HITECH Act Common Myths

Get the Facts about the HITECH Act

Exposing Common Myths

Confused about the HITECH Act and what you need to do to qualify for the up to $64,000 per provider stimulus incentives?  You’re not alone!  There is a lot of misinformation out there--not only about what YOU need to do, but what your EHR solution provider needs to do, as well. Here, we expose some of the common myths about the HITECH Act, along with THE FACTS about what you need to do to ensure you can collect.

MYTH: This program will probably be out of money before I’m paid, so why should I bother?

FACT:  While no one can say for sure how long this program will be in effect, more than $20 billion in funding is available, so the program will certainly be funded for at least the first few years.  If you wait a couple of years to implement EHR, a lack of funds is a possibility. As with all government programs, to be safe, you should begin your search now to implement EHR in order to avoid future funding issues.

MYTH: I should wait to purchase an EHR system because the process for “certifying” EHRs is not yet in place.

FACT: The longer you wait to begin the process, the greater the risk that your practice won’t be ready to demonstrate effective “meaningful use” of EHR when the incentive period starts in 2011.The Office of the National Coordinator (ONC) for Health Care Information Technology has already begun recognizing certification bodies. The first to be recognized was the Certification Commission for Health Information Technology (CCHIT®), which  began accepting applications for certification on 10/7/2009  In addition to its established CCHIT Certified® Comprehensive programs, CCHIT also launched a more limited, modular Preliminary ARRA certification program. Both programs inspect electronic health record (EHR) technology for the first time against proposed Federal standards to support providers in qualifying  for 2011-2012 incentives under the American Recovery and Reinvestment Act of 2009 (ARRA).  To be safe, select an EHR system that is a CCHIT Certified® 2011 Ambulatory EHR.

MYTH:  CCHIT certification is irrelevant because there will be other certifying bodies.

FACT: CCHIT is currently the only certification body.  While other certification bodies may be identified in the future, they will need time to ramp up.   CCHIT is the only organization in a position to certify EHR systems today.

MYTH:I have to wait for EHR systems to receive certification for my specialty.
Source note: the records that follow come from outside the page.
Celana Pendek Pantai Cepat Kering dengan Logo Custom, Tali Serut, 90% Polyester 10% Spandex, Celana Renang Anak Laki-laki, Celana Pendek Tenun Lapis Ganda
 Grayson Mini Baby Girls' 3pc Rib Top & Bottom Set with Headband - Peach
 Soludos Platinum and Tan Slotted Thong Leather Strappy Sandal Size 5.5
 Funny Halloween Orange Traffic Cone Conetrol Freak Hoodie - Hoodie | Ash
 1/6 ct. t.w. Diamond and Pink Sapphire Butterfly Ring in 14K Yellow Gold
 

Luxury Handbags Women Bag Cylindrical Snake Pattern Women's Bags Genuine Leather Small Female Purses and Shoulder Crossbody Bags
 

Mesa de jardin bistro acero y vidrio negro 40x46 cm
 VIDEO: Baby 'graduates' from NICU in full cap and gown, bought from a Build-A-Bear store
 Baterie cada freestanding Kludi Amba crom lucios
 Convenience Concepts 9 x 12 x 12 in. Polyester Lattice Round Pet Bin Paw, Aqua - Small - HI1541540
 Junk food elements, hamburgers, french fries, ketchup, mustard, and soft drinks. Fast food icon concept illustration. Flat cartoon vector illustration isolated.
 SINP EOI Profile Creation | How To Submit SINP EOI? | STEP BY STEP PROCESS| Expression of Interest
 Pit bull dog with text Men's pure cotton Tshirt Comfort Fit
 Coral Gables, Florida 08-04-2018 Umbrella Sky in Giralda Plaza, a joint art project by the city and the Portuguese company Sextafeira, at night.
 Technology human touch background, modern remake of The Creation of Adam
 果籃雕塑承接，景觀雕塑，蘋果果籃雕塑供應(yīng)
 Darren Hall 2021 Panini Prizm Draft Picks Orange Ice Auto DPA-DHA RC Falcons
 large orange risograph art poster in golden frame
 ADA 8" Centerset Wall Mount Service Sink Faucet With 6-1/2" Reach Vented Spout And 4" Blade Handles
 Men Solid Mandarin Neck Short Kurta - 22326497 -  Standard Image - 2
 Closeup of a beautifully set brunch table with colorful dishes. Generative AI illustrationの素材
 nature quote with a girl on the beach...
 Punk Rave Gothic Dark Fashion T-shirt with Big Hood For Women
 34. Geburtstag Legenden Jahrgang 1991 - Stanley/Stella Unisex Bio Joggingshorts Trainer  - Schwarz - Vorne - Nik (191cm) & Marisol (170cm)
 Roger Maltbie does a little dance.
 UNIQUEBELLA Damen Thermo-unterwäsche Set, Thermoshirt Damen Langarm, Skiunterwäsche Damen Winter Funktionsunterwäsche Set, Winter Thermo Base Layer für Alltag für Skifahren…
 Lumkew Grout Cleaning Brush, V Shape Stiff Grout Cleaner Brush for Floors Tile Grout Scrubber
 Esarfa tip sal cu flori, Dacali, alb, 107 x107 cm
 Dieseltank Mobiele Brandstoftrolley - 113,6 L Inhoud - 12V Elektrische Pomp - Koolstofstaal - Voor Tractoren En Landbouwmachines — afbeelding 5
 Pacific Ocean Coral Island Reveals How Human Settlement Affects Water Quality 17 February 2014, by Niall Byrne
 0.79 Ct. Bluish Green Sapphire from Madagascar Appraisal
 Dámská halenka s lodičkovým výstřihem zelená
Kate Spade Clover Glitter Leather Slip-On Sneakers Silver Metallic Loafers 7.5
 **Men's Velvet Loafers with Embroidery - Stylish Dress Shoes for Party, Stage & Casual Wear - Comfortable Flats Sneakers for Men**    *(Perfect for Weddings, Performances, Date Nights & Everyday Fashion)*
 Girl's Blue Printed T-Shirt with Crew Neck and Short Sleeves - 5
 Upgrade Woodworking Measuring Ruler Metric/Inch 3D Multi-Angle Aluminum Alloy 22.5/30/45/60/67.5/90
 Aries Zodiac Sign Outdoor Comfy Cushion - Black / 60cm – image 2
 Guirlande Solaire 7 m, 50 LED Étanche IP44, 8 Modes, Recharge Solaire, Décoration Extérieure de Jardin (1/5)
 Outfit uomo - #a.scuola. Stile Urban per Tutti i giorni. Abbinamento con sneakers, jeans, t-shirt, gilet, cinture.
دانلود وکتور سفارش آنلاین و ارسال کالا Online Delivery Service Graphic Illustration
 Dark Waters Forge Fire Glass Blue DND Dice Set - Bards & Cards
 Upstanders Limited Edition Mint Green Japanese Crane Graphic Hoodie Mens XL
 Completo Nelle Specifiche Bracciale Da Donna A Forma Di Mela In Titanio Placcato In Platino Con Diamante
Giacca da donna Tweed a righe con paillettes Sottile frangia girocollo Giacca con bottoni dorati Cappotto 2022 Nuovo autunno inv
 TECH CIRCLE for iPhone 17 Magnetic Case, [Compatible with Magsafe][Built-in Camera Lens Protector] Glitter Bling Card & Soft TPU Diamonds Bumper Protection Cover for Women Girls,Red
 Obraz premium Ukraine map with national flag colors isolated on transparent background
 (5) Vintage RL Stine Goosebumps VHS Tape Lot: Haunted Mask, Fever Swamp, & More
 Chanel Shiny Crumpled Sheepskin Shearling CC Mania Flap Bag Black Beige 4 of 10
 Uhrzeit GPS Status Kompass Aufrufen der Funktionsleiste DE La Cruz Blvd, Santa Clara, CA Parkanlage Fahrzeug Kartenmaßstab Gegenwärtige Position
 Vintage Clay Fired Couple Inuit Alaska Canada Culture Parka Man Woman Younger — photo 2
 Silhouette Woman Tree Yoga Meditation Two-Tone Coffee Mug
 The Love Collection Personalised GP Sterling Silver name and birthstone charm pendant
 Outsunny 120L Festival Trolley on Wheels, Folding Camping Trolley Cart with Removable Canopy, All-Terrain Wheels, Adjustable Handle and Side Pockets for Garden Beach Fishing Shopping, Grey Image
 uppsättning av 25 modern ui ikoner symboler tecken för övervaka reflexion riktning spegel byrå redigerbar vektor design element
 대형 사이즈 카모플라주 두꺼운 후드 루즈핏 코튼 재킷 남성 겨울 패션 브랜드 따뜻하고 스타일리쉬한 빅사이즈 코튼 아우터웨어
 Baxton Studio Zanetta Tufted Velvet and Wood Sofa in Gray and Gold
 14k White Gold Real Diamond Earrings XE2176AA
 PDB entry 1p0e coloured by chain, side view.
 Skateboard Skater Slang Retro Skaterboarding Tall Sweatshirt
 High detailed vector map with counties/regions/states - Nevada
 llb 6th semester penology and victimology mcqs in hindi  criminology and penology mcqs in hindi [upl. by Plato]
FACT: Currently, speciality certification is not required to guarantee federal incentive payments. While there may be specialty requirements developed in the future, specialty EHR certification is NOT required for incentive payments.

MYTH: I don't see enough Medicare and Medicaid patients so why bother? 

FACT:

For Medicare:  Incentive payments are pro-rated based upon your volume of services provided.   The incentive payments are equal to 75% of the allowable Medicare charges up to $18,000 in the first year.  And the yearly cap is ramped down over the following four years for a maximum reimbursement of $44,000 over a five-year period.

For Medicaid:  While 30% of your patients must be Medicaid recipients, you can earn incentives equal to 85% of the allowable Medicaid charges up to $21,000 in the first year.   Incentive payments in the following five years are capped at $8,500 per year, for a maximum total of $63,500.

Both the Medicare and Medicaid incentives are per provider.  If you have multiple providers in your practice, these incentives will add up and can be substantial.

MYTH: Any EHR product that does E-prescribing will qualify.

FACT: At a minimum, the EHR must meet the meaningful use requirements, which includes e-prescribing and 27 other capabilities.

MYTH: I’ve heard that all the interoperability standards haven’t been agreed to yet and that if I choose an EHR vendor now, I might not be eligible.

FACT: Specific “interoperability standards” are not a requirement for qualifying for the stimulus incentives. Rather, the software must have the “capability to exchange key clinical information”.